In the literature, a common method to ameliorate this problem is screening, a type of design of experiments. By using the screening techniques, and more precisely, Sequential Bifurcation, which is particularly suitable for large-scale simulation models, fewer simulations are required to find the most important factors in a simulation model, reducing the time of the study significantly. However, the reliability of the SB is under discussion (Kleijnen, et al., 2006), especially in terms of accuracy. Therefore, it is necessary to perform a comparison between Sequential Bifurcation and simulation-based optimization in order to test the precision of the procedure.

(12)

1.2. Aim and objectives of the study

The purpose of the present project is to apply the Sequential Bifurcation method in different industrial models in order to determine whether the screening techniques could be a substitute for or a complement to the current method that is based on stochastic evolutionary optimization.

In order to reach the aim, the following objectives have to be achieved:

1. Understand and describe the Sequential Bifurcation method.

A proper study of the method is fundamental to make a correct implementation.
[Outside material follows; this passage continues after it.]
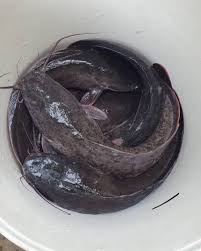 CATFISH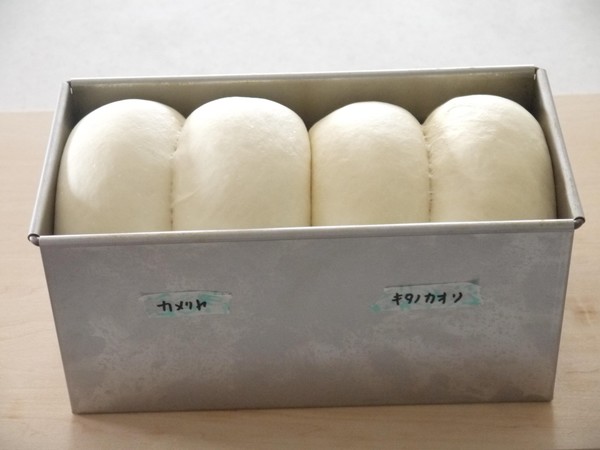 【パン理論基礎コース】食材の種類を代えて比較します。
Therefore, a concomitant objective is to perform a literature review, necessary to summarize and study the different variants of the original procedure.
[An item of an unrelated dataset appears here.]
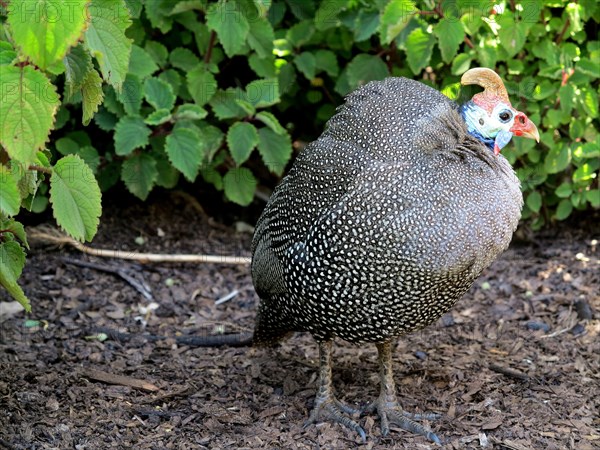 Numidian guinea fowl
2. Develop a computer program for the application of the Sequential Bifurcation method.

The program should show the results of the screening method in terms of time, number of simulations and most important factors in the four discrete event simulation models to study. It should be emphasized that the program needs to be combined with FACTS Analyzer, simulation software developed at the University of Skövde, to run the simulations.

This is because the models studied in this project were built under this program.

Furthermore, other sub-objectives are proposed with regards to the development of the computer program, such as:

2.1. Create the code for the method, structuring it into different functions.

2.2. Show the Sequential Bifurcation results using different charts, similarly to the one shown in the publication presented by Kleijnen, Bettonvil and Persson (2006).

2.3. Develop the code to calculate a Pareto chart based on the results of the corresponding simulation models, both of Sequential Bifurcation and simulation- based optimization.

This objective and their corresponding sub-objectives represent the key part of the project;

the proper accomplishment of the aim of this thesis depends on its consecution.

3. Analyze the reliability of the Sequential Bifurcation method.

This objective is especially related to the aim of the project, although it could be executed without any comparison with optimization. Notwithstanding, without this comparison the validation of the results would be more difficult to achieve. Thus, after finishing the automation of the method and the experiments, the reliability of the SB should be discussed based on the results obtained directly from the method and especially from the comparison with the optimization study.

Furthermore, the problems found during the project should be explained with the purpose of creating a roadmap for future researchers.

(13)

1.3. Methodology and report structure

In order to achieve the goals presented in this project properly, a work methodology based on different steps needs to be follow. The flowchart shown in figure 1 represents the stages to do during the project with their corresponding chapters in the report.

First of all, it is essential to perform a literature review with the objective of analyzing the results obtained in previous research of this field as well as to summarize the different variants of the Sequential Bifurcation method that have been studied previously.

Once the different types of screening methods are studied, the Sequential Bifurcation method is described and analyzed, basing especially on the 1996 and 2006 Sequential Bifurcation publications co-authored by Professor Kleijnen.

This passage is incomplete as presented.